L’esperienza politica Mario Draghi l’ha acquisita soprattutto a livello europeo e mondiale presiedendo per anni la Banca Centrale Europea. Non suscita pertanto sorpresa che anche nella veste di presidente del Consiglio italiano il suo primo atto significativo sia stato di forte caratterizzazione europea – per me “pensato” e non casuale – definendo dittatore, di quelli con i quali occorre, comunque, trattare, il presidente turco Erdogan. Che lo spunto l’abbia dato a Draghi una vicenda formalmente procedurale (la mancata assegnazione di una poltrona alla presidente della Commissione europea Ursula von der Layen, nel corso di un incontro ad Ankara con Erdogan, presente anche il leader del Consiglio Europeo Charles Michel) non può trarre in errore. Draghi ha espresso il giudizio (più che fondato nella sostanza) nel corso di una conferenza stampa alla Tv italiana. Il peso del giudizio è dato innanzitutto dal fatto che co-protagonisti dello stesso sono stati i due massimi esponenti istituzionali dell’Unione Europea, della quale ambisce entrare a far parte Erdogan. Poi perché la politica estera di Erdogan è tale da suscitare problemi – anche per noi – spesso complessi e pericolosi in larga parte del Mediterraneo, in Libia, in Medio Oriente e nel mar Rosso. Oltre al fatto che Erdogan riceve dall’UE miliardi di euro per frenare (ma sarebbe meglio dire utilizzare) la spinta di milioni di profughi provocati dalle guerre in Siria.
Il giudizio di Draghi è stato accolto con cautela nell’Unione, e andranno seguiti con attenzione i possibili sviluppi. Nel corso della stessa conferenza stampa Draghi ha anche affermato la volontà del governo di operare per favorire al massimo la vaccinazione contro il Coronavirus delle persone anziane e di quelle disabili.
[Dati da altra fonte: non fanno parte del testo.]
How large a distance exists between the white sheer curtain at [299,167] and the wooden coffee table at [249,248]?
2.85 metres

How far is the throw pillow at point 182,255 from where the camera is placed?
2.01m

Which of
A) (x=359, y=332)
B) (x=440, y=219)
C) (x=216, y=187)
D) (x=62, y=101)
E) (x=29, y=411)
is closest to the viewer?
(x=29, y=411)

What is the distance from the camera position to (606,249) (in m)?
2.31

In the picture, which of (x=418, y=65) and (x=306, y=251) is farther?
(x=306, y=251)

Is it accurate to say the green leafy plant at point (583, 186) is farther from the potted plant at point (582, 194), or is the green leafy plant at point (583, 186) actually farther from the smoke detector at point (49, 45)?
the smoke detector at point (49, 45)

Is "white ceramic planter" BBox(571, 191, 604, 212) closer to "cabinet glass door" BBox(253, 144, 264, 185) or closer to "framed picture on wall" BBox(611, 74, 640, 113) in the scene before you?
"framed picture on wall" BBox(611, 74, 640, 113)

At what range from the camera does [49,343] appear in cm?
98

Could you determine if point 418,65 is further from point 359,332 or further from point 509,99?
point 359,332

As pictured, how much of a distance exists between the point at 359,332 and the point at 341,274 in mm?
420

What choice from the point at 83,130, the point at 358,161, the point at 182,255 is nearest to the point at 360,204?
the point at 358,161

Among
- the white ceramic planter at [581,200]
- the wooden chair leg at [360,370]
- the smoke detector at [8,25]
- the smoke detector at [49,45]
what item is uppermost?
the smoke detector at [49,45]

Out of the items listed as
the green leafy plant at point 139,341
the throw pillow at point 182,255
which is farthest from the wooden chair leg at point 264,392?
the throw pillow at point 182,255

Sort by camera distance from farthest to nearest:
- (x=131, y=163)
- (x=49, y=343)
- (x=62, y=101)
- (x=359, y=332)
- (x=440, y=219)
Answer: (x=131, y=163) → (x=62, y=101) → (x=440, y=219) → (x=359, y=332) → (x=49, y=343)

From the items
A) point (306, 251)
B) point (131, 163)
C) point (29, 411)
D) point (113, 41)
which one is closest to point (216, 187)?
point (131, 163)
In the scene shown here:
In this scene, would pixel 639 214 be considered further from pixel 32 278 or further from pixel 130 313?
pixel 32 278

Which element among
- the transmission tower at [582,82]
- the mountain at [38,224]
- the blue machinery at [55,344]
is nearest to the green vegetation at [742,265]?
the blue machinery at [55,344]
Altro fatto di grande rilievo da considerare nella più recente politica interna, sono le polemiche suscitate dalla prefazione a un libro fatta dal procuratore Capo di Catanzaro Nicola Gratteri. Il libro è Strage di Stato: Le verità nascoste della Covid-19. Libro scritto da un altro magistrato, Angelo Giorgianni, e dal dottor Pasquale Bacco, negazionista sul virus e candidato in passato in liste di estrema destra. Nel libro si parla di riprogrammazione generale e sociale grazie al Covid, con l’obiettivo di creare un nuovo ordine mondiale gestito soprattutto da ebrei, quali Gates, Soros, Rockefeller. Gratteri si difende dicendo che per la prefazione ha letto solo un estratto del libro inviatogli dal collega Giorgianni, che faceva riferimento solo ai riflessi economici e criminali della pandemia, e riconosce di aver sbagliato a fare quella prefazione. Difficile non essere stupiti dello sbaglio, cosa che, molto probabilmente, rende più facile che Gratteri resti in Calabria anziché diventare, come ambisce, procuratore capo della Repubblica di Milano. Il fatto è anche una conferma dei giudizi su certi settori della magistratura che si possono esprimere dopo la lettura del libro-intervista Il Sistema di Alessandro Sallusti con l’ex magistrato Luca Palamara. A proposito del quale libro-intervista, nonostante il numero straordinario di copie vendute, si deve osservare che, di fatto, continua il silenzio delle tante persone, magistrati e non, citate in negativo dall’ex magistrato.
In sintesi estrema, infine, ricordiamo alcuni altri fatti di rilievo di politica interna: la presidenza della Conferenza delle Regioni passata dal democratico Bonaccini, presidente dell’Emilia-Romagna, al leghista Fedriga, presidente del Friuli-Venezia Giulia. Lo stacco del M5S dalla struttura tecno-politica e finanziaria di Casaleggio, che potrebbe diventare un elemento di coagulo politico per gruppi di fuoriusciti dal Mo-vimento. Le tensioni sulla presidenza della Commissione parlamentare dei servizi segreti tra la Lega – cui appartiene l’attuale presidente che non vuole dimettersi – e Fratelli d’Italia perché per legge la presidenza spetta alle opposizioni.
La crisi dell’ex Alitalia col rifiuto dei sindacati di accettare il piano del governo che riduce da 90 a 40 gli aerei della nuova compagnia. L’offerta di 10 miliardi dallo spagnolo Florentino Perez ai Benetton per il controllo della società Autostrade. Il progressivo distacco, infine, dalla politica attiva di Silvio Ber-lusconi per motivi di salute.